*** MATERIAL FOR THIS EXERCISE Section Begins ***

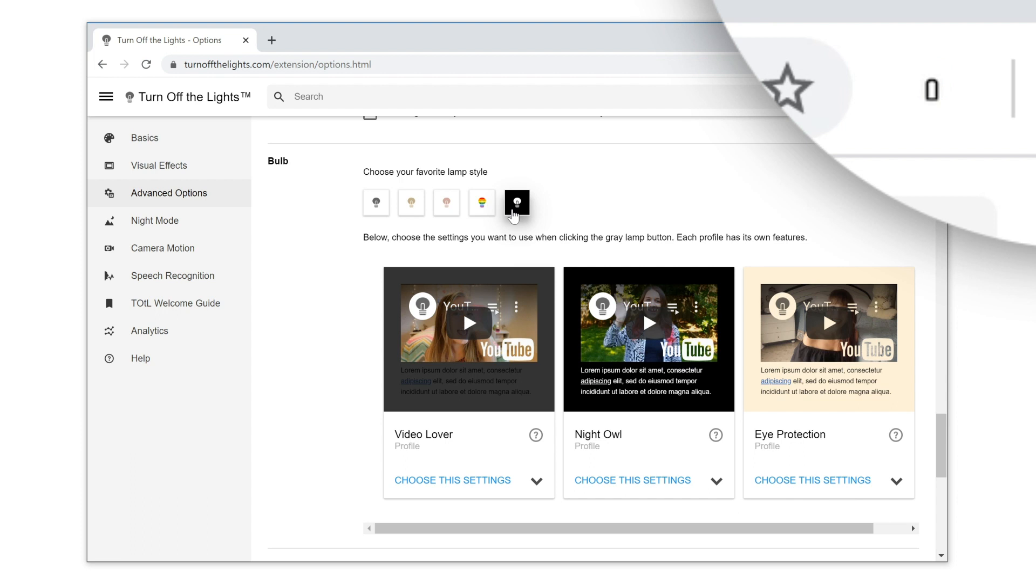That last icon is very handy if you have a dark web browser theme. And if you want back the regular gray lamp icon, just click on the first gray lamp icon.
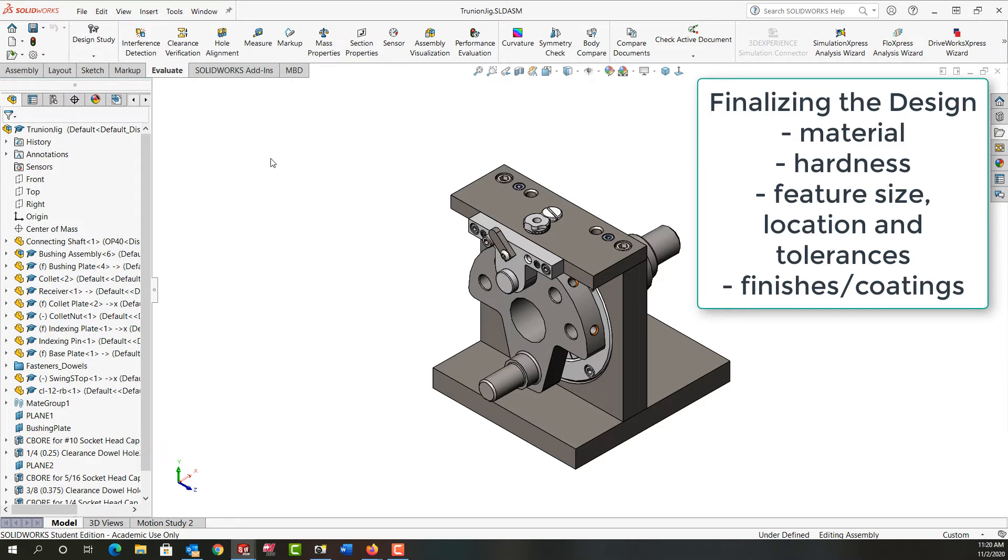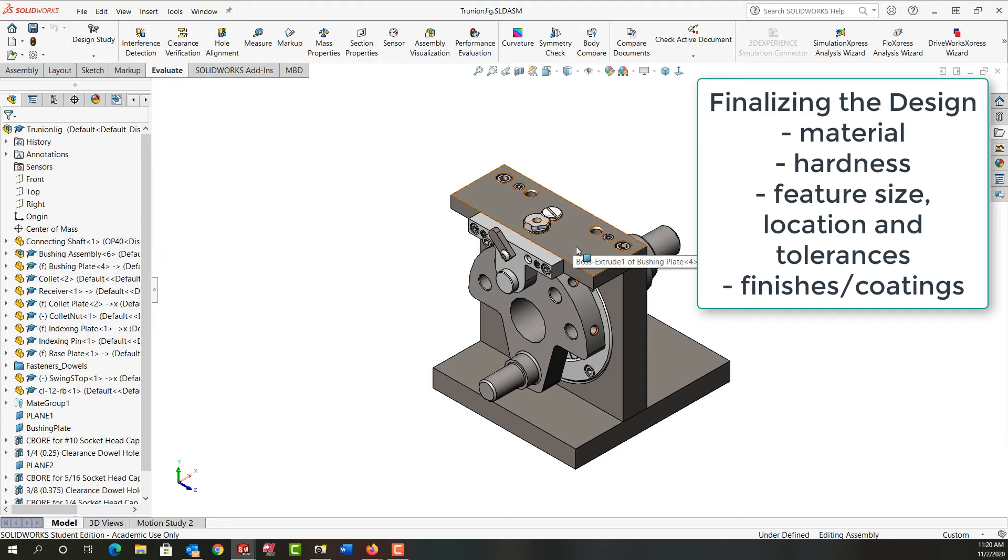Nobody would like their jig they paid a lot of money for to look bad. So is this going to be an environment where a lot of coolant will splash on it and sit and then eventually rust? And it likely is.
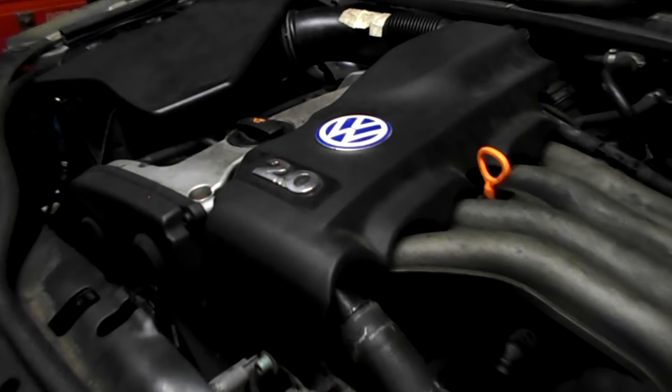Volkswagen Passat windscreen washer motor change. Now, you might think you need to remove the front bumper, but you don't need to do this.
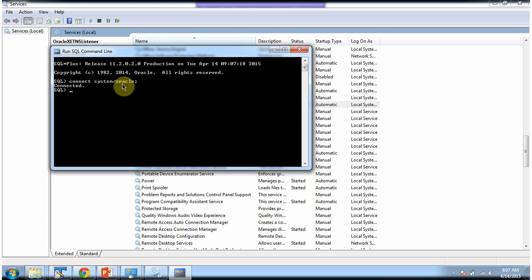So this is about how to install Oracle database server in your local machine. And thanks for watching.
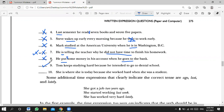Number ten, Mustafa: 'She's where she is today because she worked hard when she was a student.' Is this sentence correct or incorrect? The class considers the answer.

*** MATERIAL FOR THIS EXERCISE Section Ends ***

* _PROBLEM TO WORK ON_
Please set down the lines from the one with "So this is about" to the end of the entries above, exactly as they are, and drop every picture.

* _SOLUTION FOR THIS TASK_
So this is about how to install Oracle database server in your local machine. And thanks for watching.
Number ten, Mustafa: 'She's where she is today because she worked hard when she was a student.' Is this sentence correct or incorrect? The class considers the answer.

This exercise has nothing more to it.